As you might see from the premise, this is a movie with a cross-generational appeal. There were a lot of older couples in our theater. It’s one I will definitely show to my mom and grandmother, for the story as well as the lack of both raunch and slapstick. As far as romantic movies go, it’s not as totally unfriendly to men as most of them. Mine chuckled in a few places and came out giving it a grade of “it passes…barely” which is high praise for a romance. The views of the Italian countryside are sweeping and hazy and beautiful, and the story of Claire and Lorenzo is achingly sweet (and by far the more romantic of the two). Amanda Seyfried was charming and light, as she usually is, and Chris Egan was arrogant and stuffy but not far enough departed from David Shepherd to prevent me from worrying he might typecast himself. I hope he doesn’t, because I think he has serious star potential and want to keep seeing him in my movies for years to come. Vanessa Redgrave played Claire brilliantly, a woman who has lived her life without regrets, despite choices that might have been mistakes, and is now hoping to have one more adventure despite her gray hair and age-earned dignity.
Some of the funniest moments in the film were the interplay between Claire and Sophie having “girl talk” and Charlie being uncomfortable with it. “My grandfather was her soul mate, and thank you for trying to invalidate my entire existence!” he exclaims at one point, and at another he has to leave the conversation because he can’t listen to his grandmother recalling the romance and sensuality of her summer with Lorenzo. The other amusing moments came from some of the different Lorenzos they met along the way. A few were sad, forgetful old men in homes or even in one case a recent grave, but others were hilarious–the one whose wife tells Claire to “take him!” for example, and the one who answers the question of “what were you doing the summer of 1957?” with a tirade about how he met his wife that horrible summer and curses them for reminding him of that terrible occasion.
If I wanted to be really picky I could find two flaws: one, there is very little reason given for why Sophie and Charlie are drawn to one another; but this is a flaw in almost every romantic movie ever made (I mean, they can’t all be Secretary or Eternal Sunshine of the Spotless Mind), so I didn’t find it a deal-breaker.

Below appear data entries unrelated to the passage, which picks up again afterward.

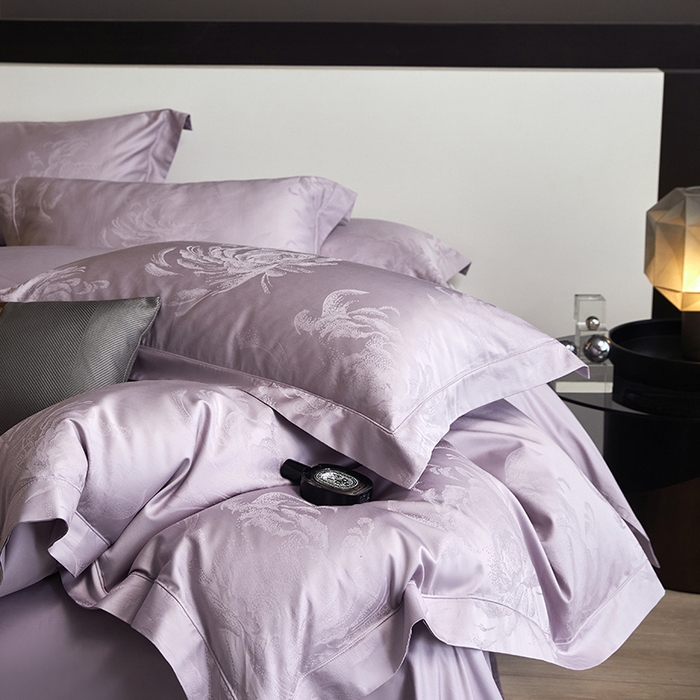 91家纺网 家纺一手货源 找家纺 洽想家 2025新款长绒棉贡缎提花手工立体埋绳工艺四件套礼盒包装系列二 维斯纳（温馨紫）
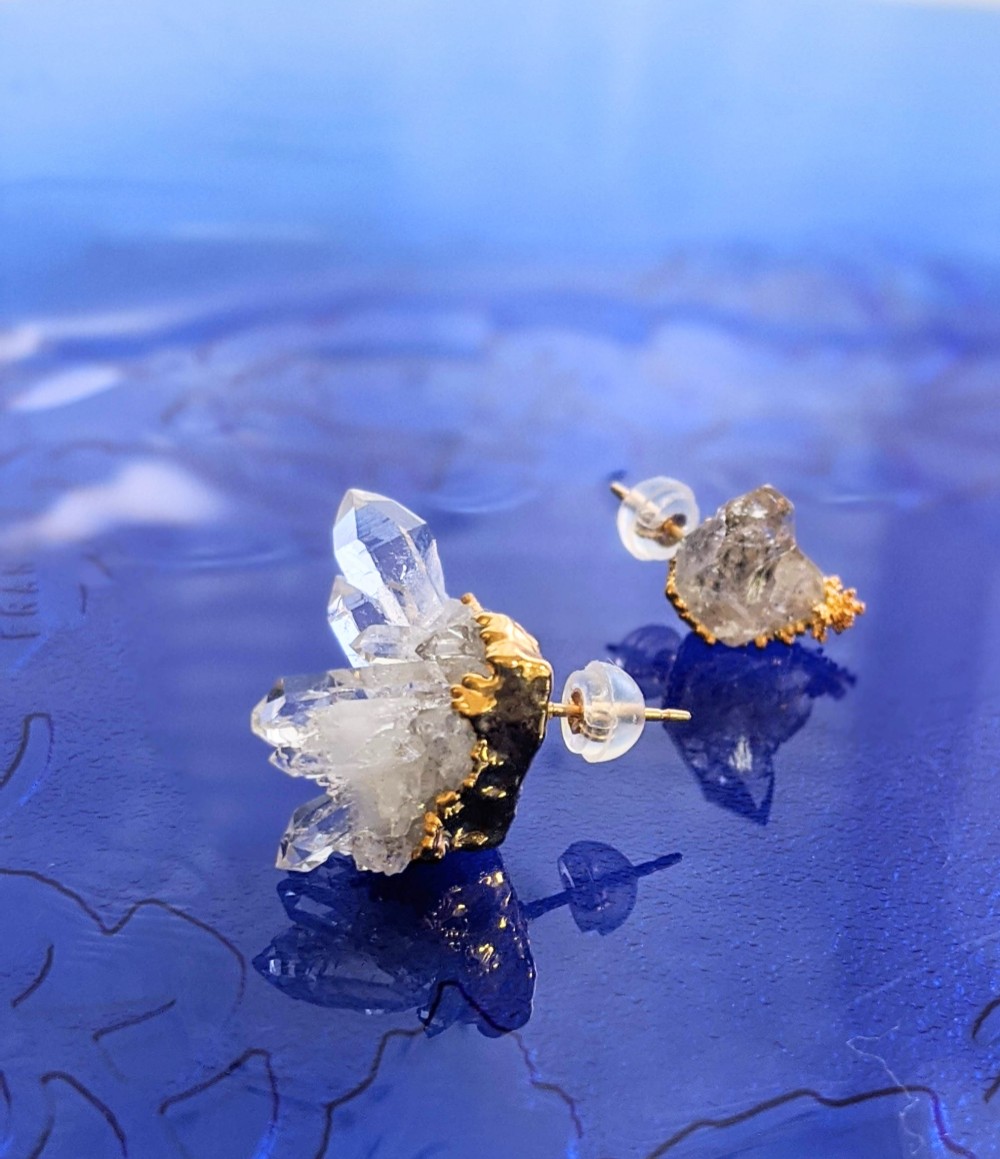 水晶クラスター アシンメトリーピアス トマスゴンサガ産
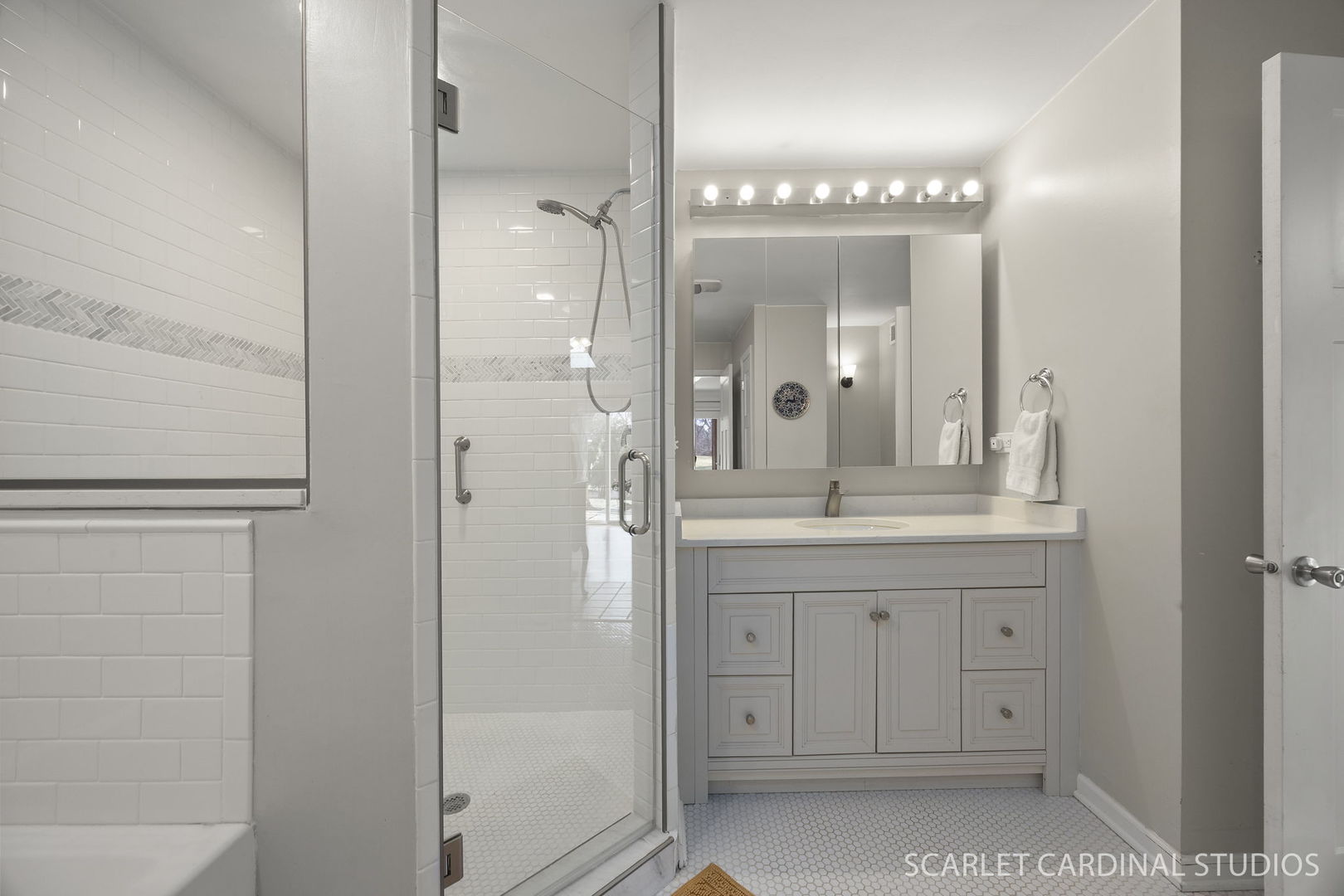 774 N Kenilworth Avenue, Glen Ellyn, IL 60137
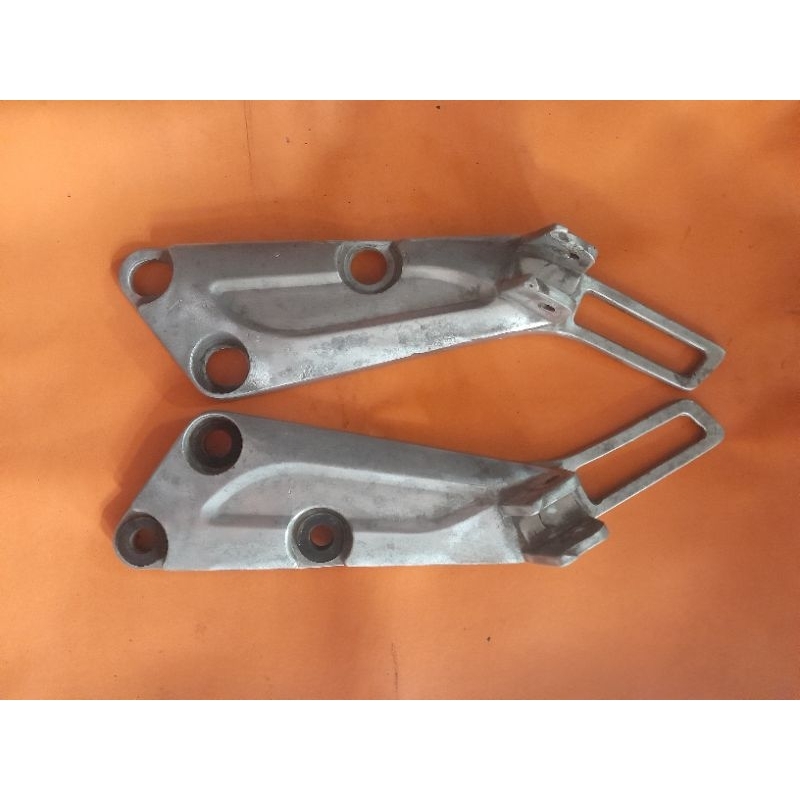 dudukan step belakang supra x lama,fit lama original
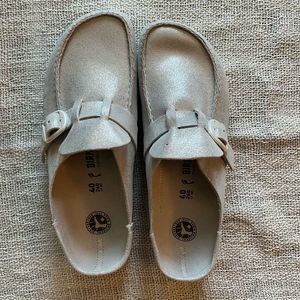 NWOT Birkenstock Silver Clogs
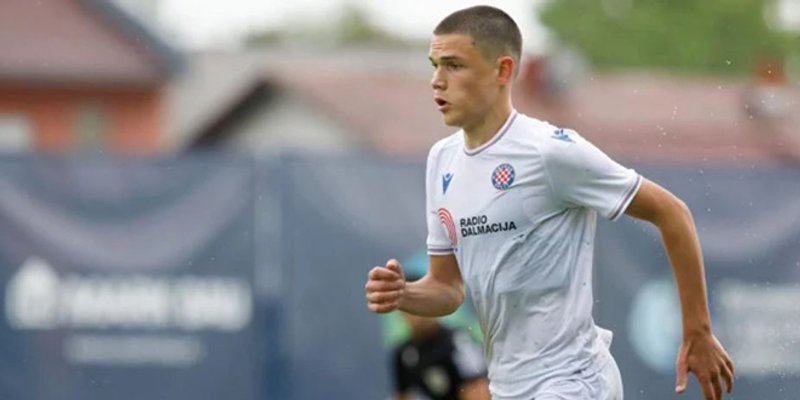 Hajduk potpisao ugovore s petoricom mladih igrača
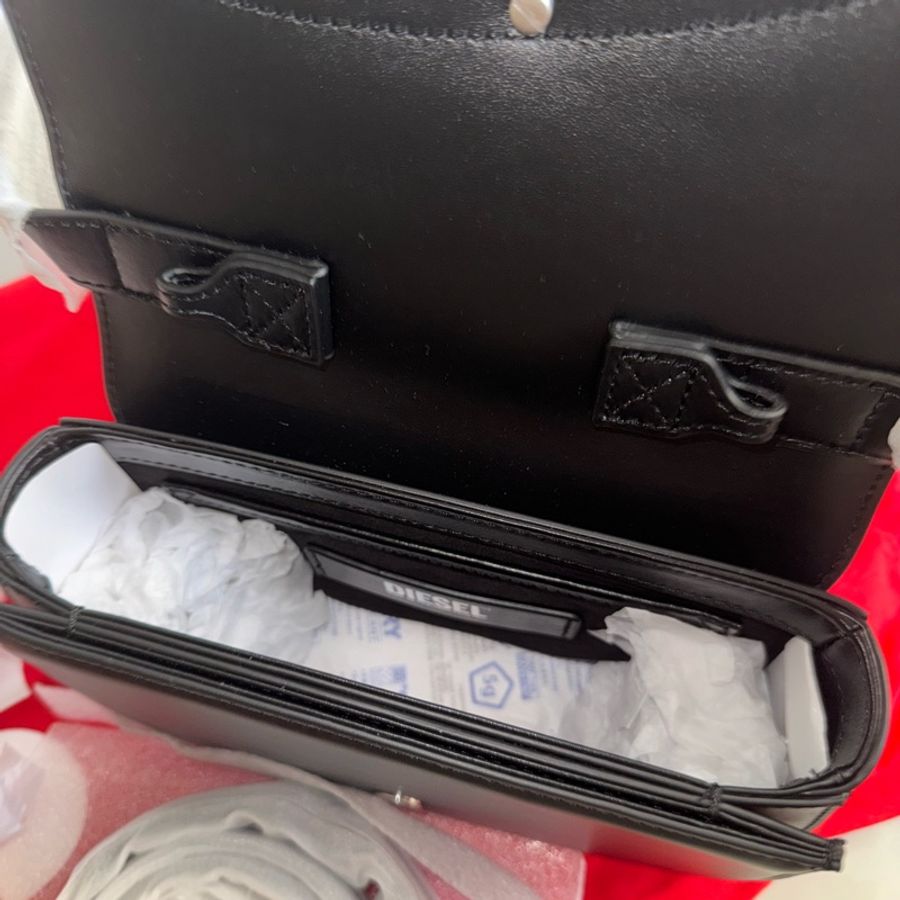 全新 Diesel 1DR shoulder bag 黑色 肩背包-10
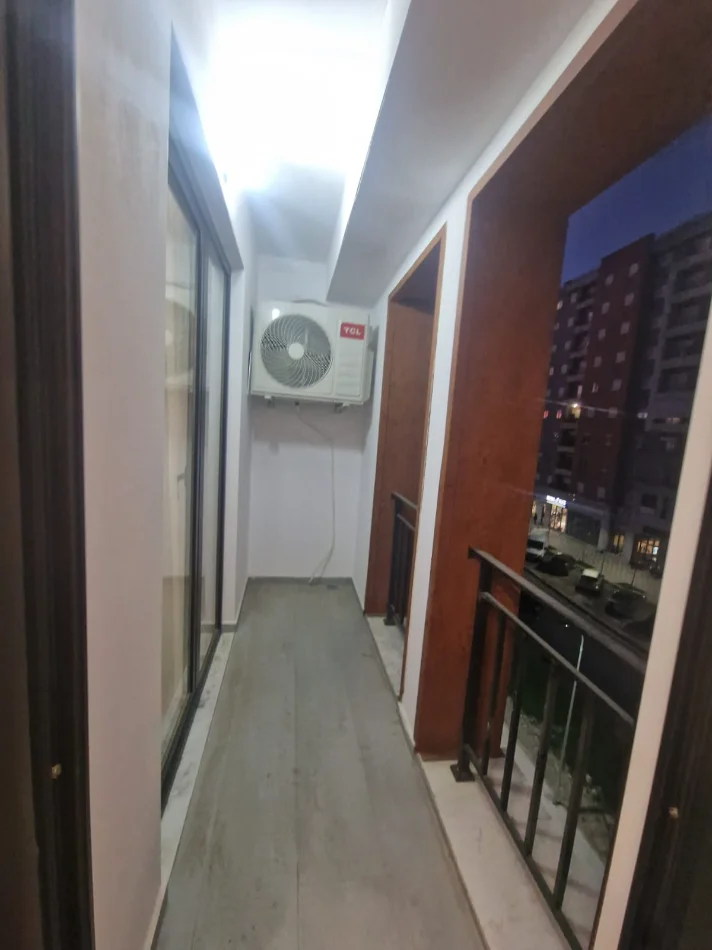 Tirane, jepet me qera apartament 1+1 Kati 3, 70 m² 550 € (Rruga Sokrat Miho)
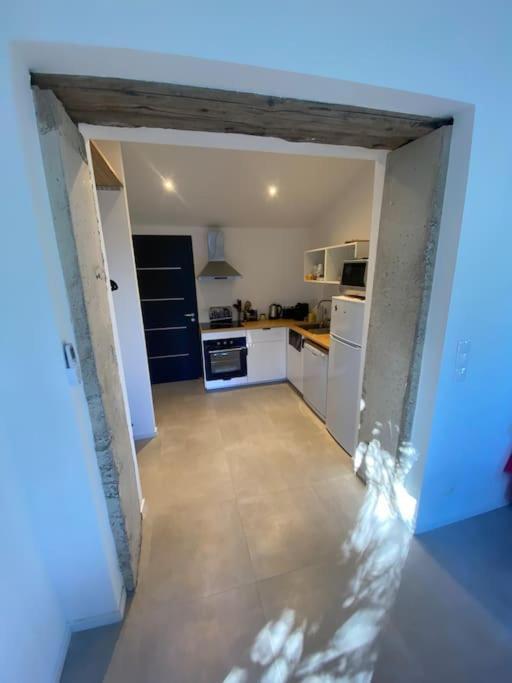 Maison En Pierre A Clermont-L'Herault Brignac  Екстериор снимка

Also, once I thought about the movie–and it was one that kept me thinking about it–I realized that it might have been trying for subtlety, rather than being irritatingly vague, and if that’s the case then I didn’t mind having to read between the lines a bit. Second, the ending scene was weak, and as much as it tried to step around the cliche of having Sophie on a balcony hearing a profession of love by having the characters laugh at the positioning…it didn’t quite keep me from rolling my eyes. But neither of those problems are unexpected in romantic movies, and neither stopped me from walking out with a smile and thinking about the movie for the rest of the evening.
In all, Letters to Juliet accomplishes what it sets out to, and if you look at the premise of this movie and want to see it, I don’t think the execution will disappoint you. So put on a sundress and sneak in a bottle of wine and enjoy the journey through Italy and a love that crosses time and oceans.